■ **Exercise requirements**: The required output is the stretch from the line containing "un collage de" through the line containing "Подвесная хрустальная светодиодная" in the records below, unaltered and with no pictures.

[Crawled caption data]
__________

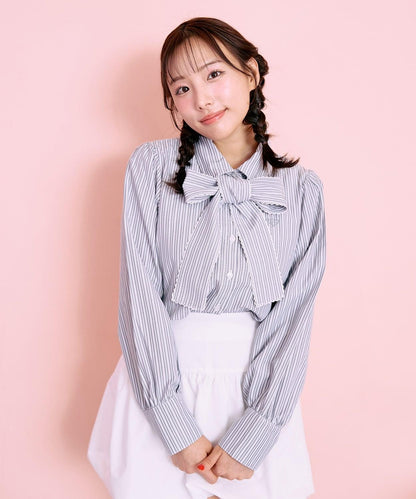 蝴蝶結領標誌刺繡襯衫【韓國時尚】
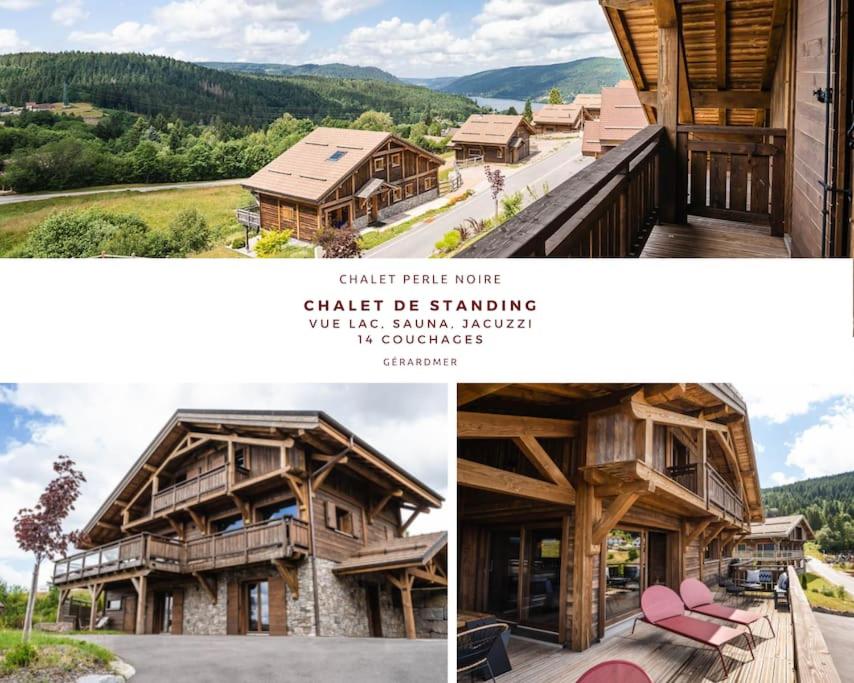 un collage de dos fotos de una cabaña de madera en Chalet de standing, Jacuzzi, Sauna, Perle Noire, en Gérardmer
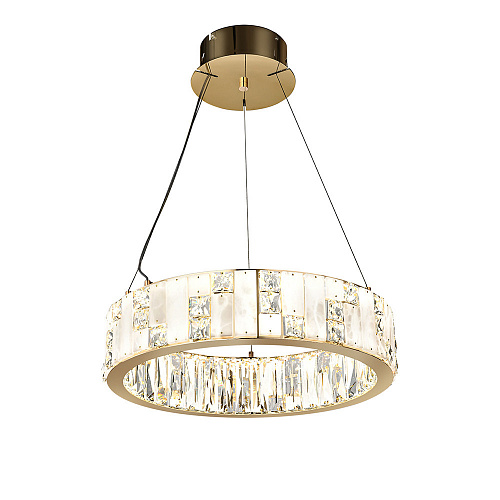 Подвесная хрустальная светодиодная люстра 60W 3700К 5072/60L золото Crossa Odeon Light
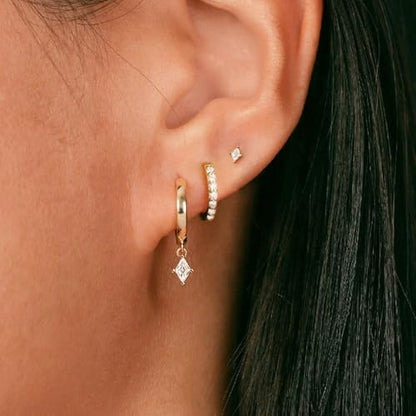 3 Pairs Earring Stacks, Gold Earring Set Jewelry Gift for Women | Small, 14K Gold/White Gold/Black/Rose Gold Plated, Hypoallergenic, Her, Everday, Stackable, Simple, 3 Holes - color: Gold-Rhombus CZ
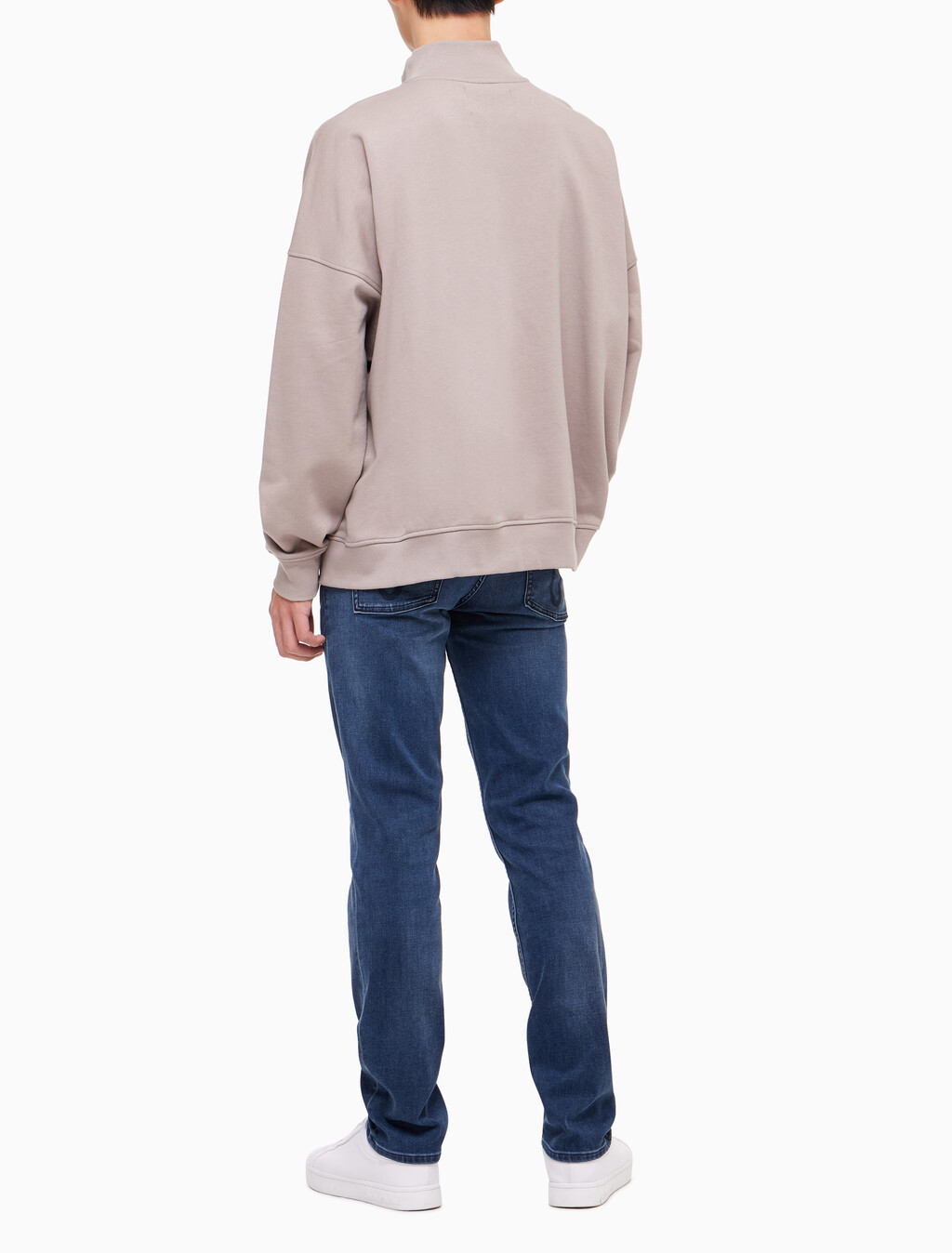 Buy 남녀공용 모노그램 로고 하프 집업 스웨트셔츠 in color PERFECT TAUPE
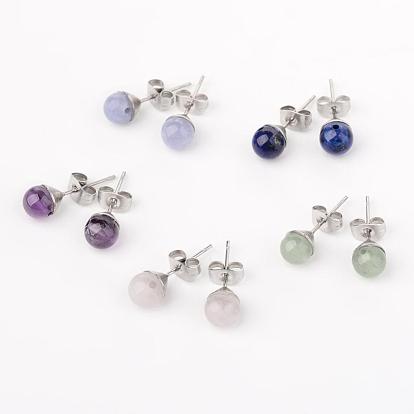 304 Stainless Steel Stud Earring Findings, with Round Natural Rose Quartz/Lapis Lazuli/Quartz/Green Aventurine/Amethyst with Hole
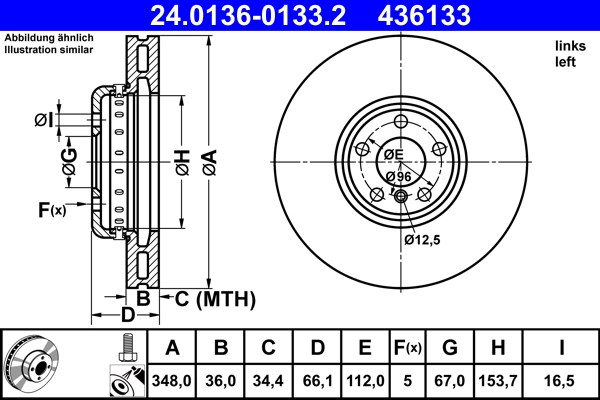 Disque de frein ATE 24.0136-0133.2 compatible avec essieu avant BMW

__________

■ **Result of this task**:
 un collage de dos fotos de una cabaña de madera en Chalet de standing, Jacuzzi, Sauna, Perle Noire, en Gérardmer
 Подвесная хрустальная светодиодная люстра 60W 3700К 5072/60L золото Crossa Odeon Light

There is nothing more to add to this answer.